── Extracted information

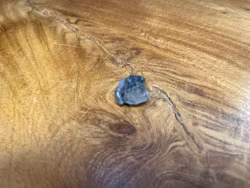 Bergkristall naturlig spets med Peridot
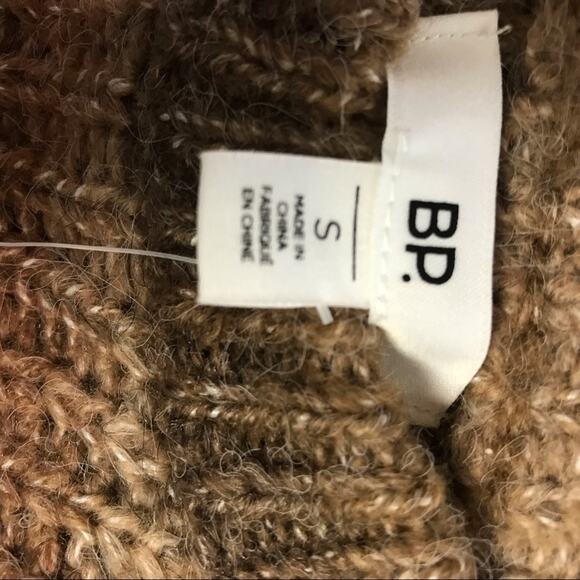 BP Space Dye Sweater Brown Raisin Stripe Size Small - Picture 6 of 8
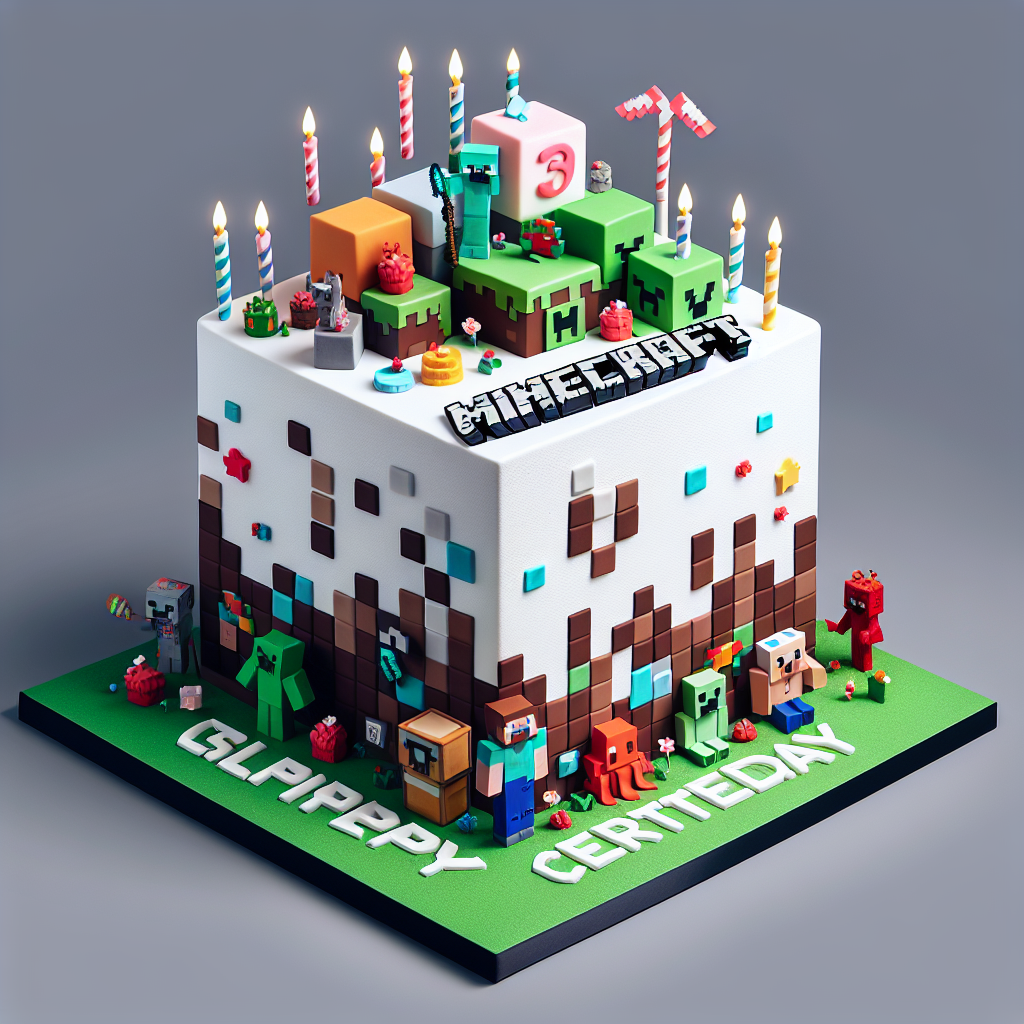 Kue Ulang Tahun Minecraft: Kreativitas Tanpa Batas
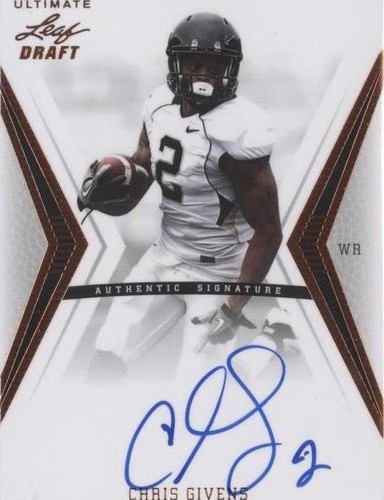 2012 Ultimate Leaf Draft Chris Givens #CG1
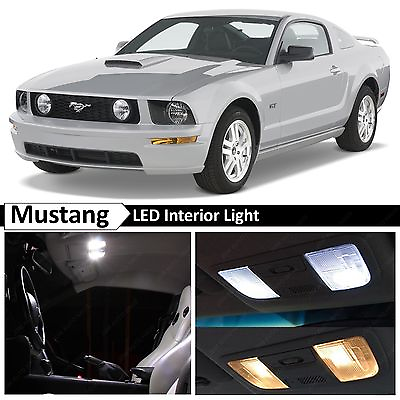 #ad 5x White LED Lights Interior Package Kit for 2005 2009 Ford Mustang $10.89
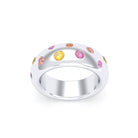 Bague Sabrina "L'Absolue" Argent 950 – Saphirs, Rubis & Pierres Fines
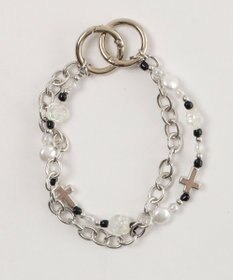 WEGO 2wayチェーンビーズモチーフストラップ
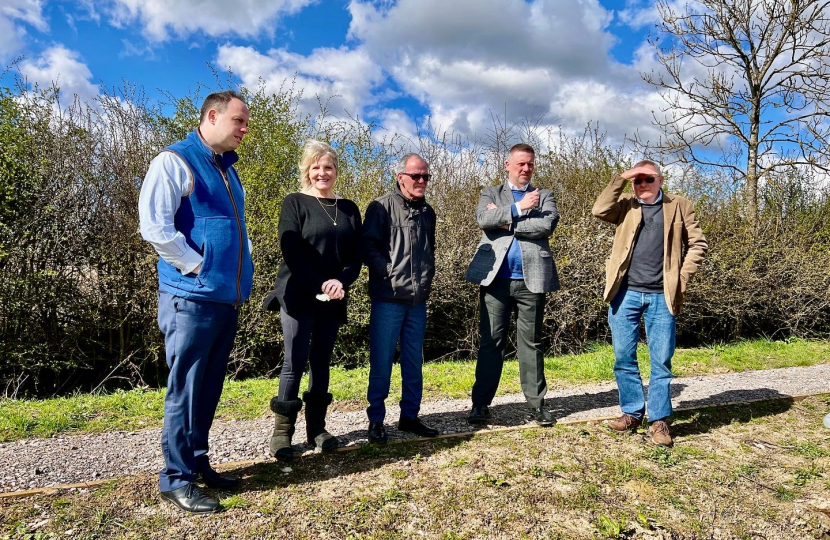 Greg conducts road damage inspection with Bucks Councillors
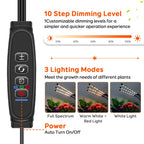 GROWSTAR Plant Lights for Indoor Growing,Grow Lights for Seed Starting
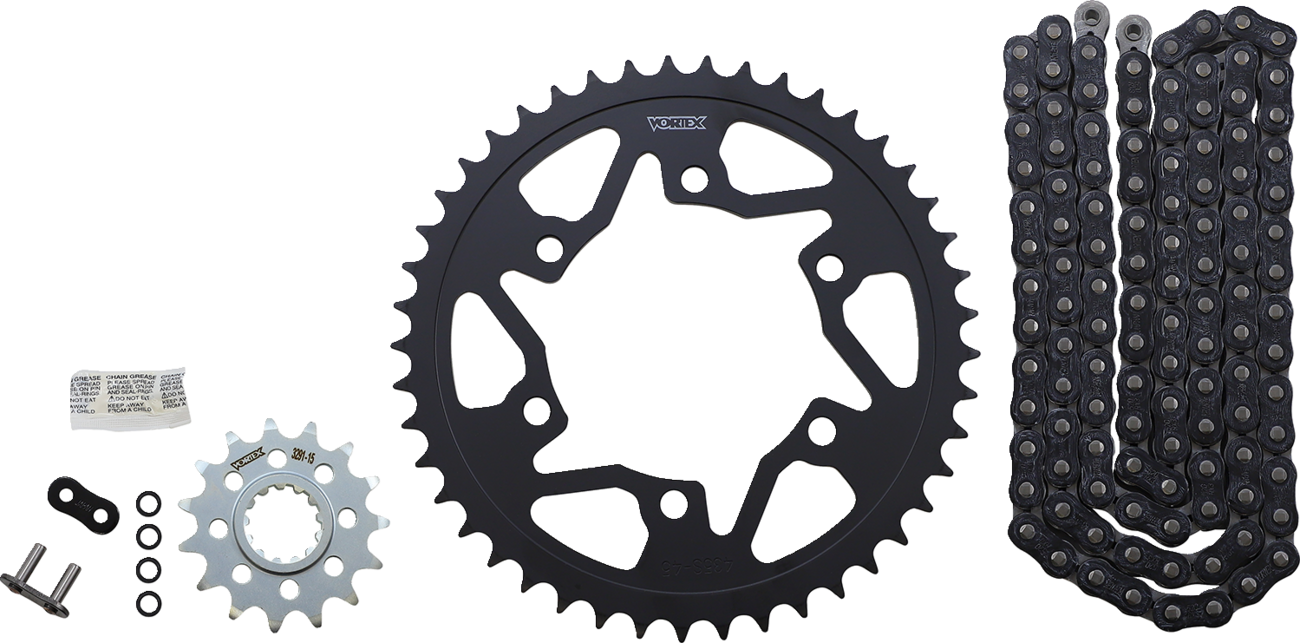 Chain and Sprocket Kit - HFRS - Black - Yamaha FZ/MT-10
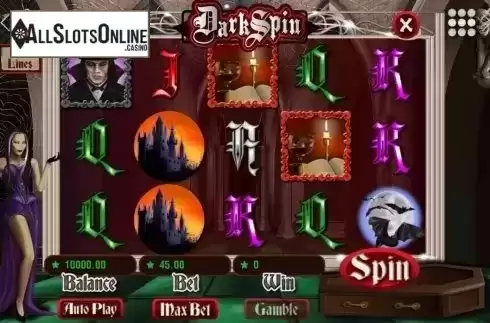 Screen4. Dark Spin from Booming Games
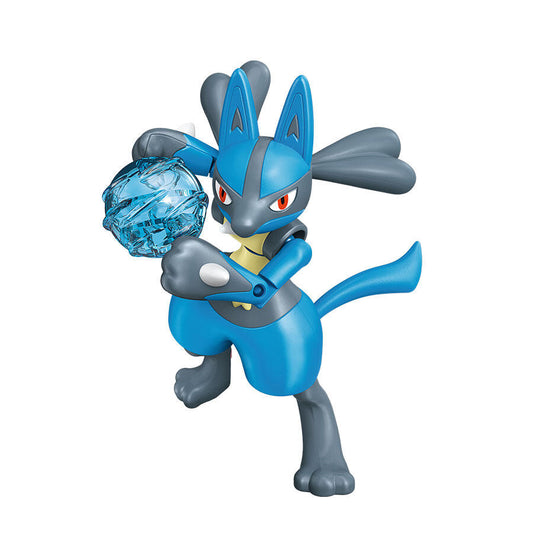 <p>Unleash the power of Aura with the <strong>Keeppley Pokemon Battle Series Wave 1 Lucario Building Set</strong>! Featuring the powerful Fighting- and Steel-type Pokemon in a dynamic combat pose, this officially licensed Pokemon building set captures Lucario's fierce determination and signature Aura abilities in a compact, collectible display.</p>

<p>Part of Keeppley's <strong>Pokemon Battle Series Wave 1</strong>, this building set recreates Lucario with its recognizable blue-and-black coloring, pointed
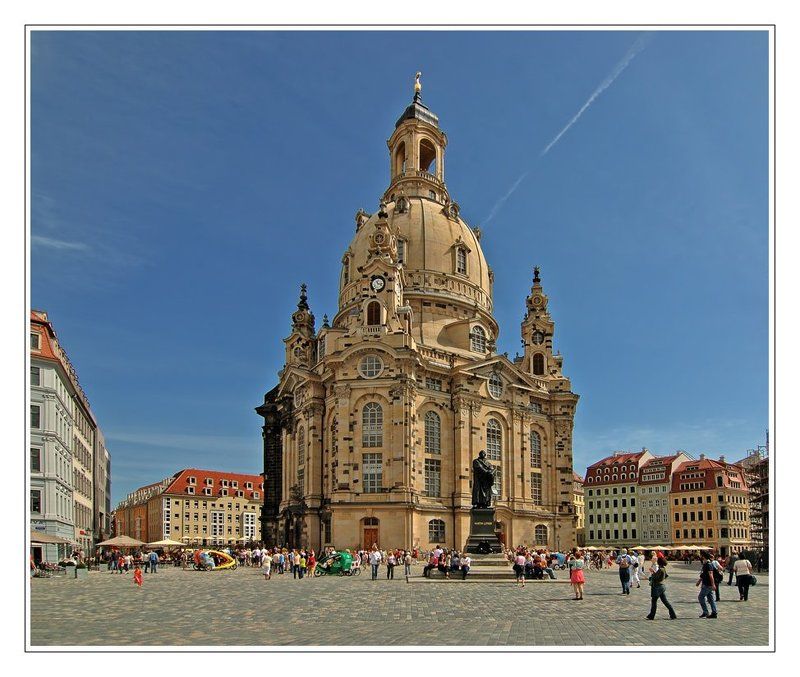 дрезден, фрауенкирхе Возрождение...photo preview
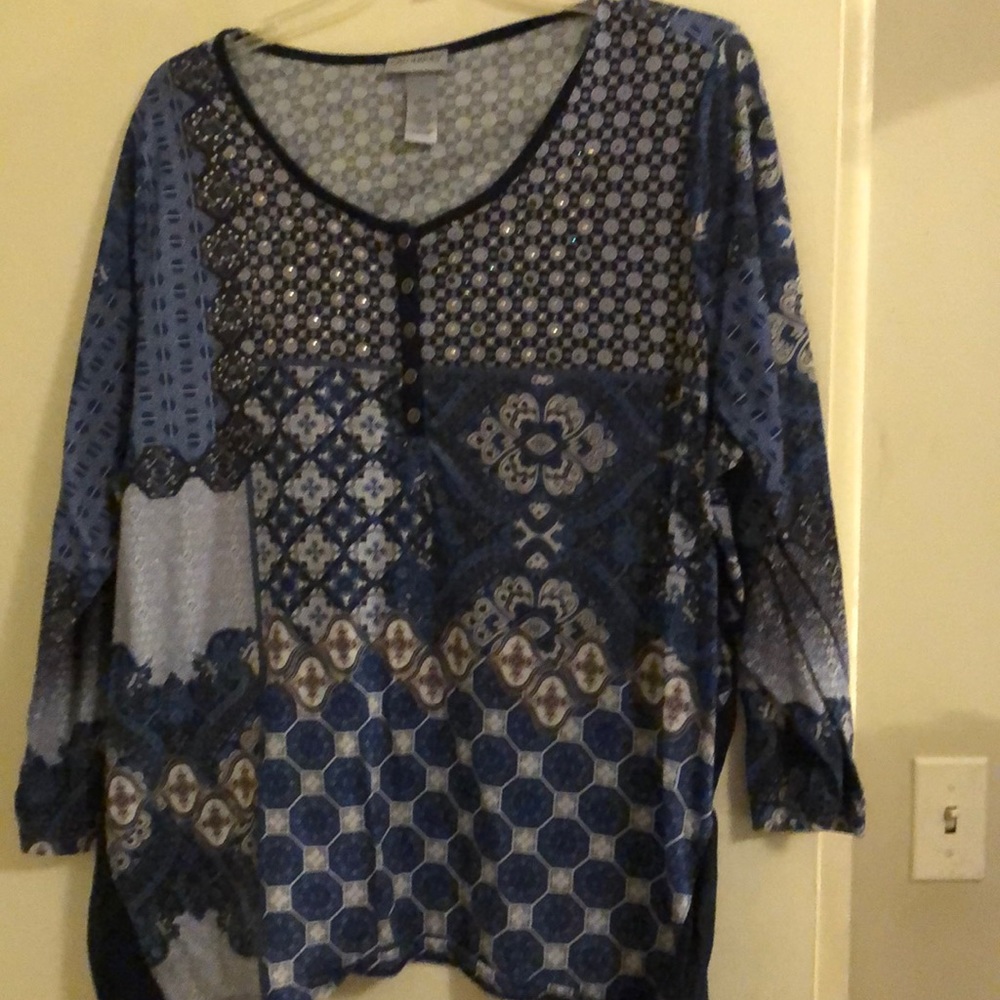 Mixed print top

────

What you will do | Working from the data above, repeat exactly, and only, the lines that begin at the line containing "#ad 5x White" and stop after the line containing "Screen4. Dark Spin from Booming Games"; pictures are not copied.

Expected answer |
 #ad 5x White LED Lights Interior Package Kit for 2005 2009 Ford Mustang $10.89
 Bague Sabrina "L'Absolue" Argent 950 – Saphirs, Rubis & Pierres Fines
 WEGO 2wayチェーンビーズモチーフストラップ
 Greg conducts road damage inspection with Bucks Councillors
 GROWSTAR Plant Lights for Indoor Growing,Grow Lights for Seed Starting
 Chain and Sprocket Kit - HFRS - Black - Yamaha FZ/MT-10
 Screen4. Dark Spin from Booming Games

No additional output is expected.